_Problem to work on_
Please repeat the lines below, exactly and only, from the one that holds "3435 Elsa Ave, Waldorf, MD 20603" through the one that holds "Roberto collina maxikleid".

_Task data_
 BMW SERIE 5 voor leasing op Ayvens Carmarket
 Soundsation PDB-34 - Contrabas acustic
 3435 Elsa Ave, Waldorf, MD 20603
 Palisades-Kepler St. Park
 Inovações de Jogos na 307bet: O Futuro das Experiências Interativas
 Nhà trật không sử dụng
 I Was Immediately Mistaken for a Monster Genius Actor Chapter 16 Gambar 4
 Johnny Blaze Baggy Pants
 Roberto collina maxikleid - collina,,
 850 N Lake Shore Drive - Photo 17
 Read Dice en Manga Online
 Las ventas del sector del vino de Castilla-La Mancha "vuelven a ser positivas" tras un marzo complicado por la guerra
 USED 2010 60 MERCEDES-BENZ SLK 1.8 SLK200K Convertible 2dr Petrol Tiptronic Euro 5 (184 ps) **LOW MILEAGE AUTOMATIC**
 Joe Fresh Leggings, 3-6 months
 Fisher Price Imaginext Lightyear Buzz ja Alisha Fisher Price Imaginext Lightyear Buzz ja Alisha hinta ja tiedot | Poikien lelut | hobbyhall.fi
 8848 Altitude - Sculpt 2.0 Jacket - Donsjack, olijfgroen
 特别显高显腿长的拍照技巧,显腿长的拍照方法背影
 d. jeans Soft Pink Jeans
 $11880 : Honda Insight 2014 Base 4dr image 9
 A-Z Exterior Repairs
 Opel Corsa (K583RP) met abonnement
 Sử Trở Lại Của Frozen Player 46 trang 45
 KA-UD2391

_The answer_
 3435 Elsa Ave, Waldorf, MD 20603
 Palisades-Kepler St. Park
 Inovações de Jogos na 307bet: O Futuro das Experiências Interativas
 Nhà trật không sử dụng
 I Was Immediately Mistaken for a Monster Genius Actor Chapter 16 Gambar 4
 Johnny Blaze Baggy Pants
 Roberto collina maxikleid - collina,,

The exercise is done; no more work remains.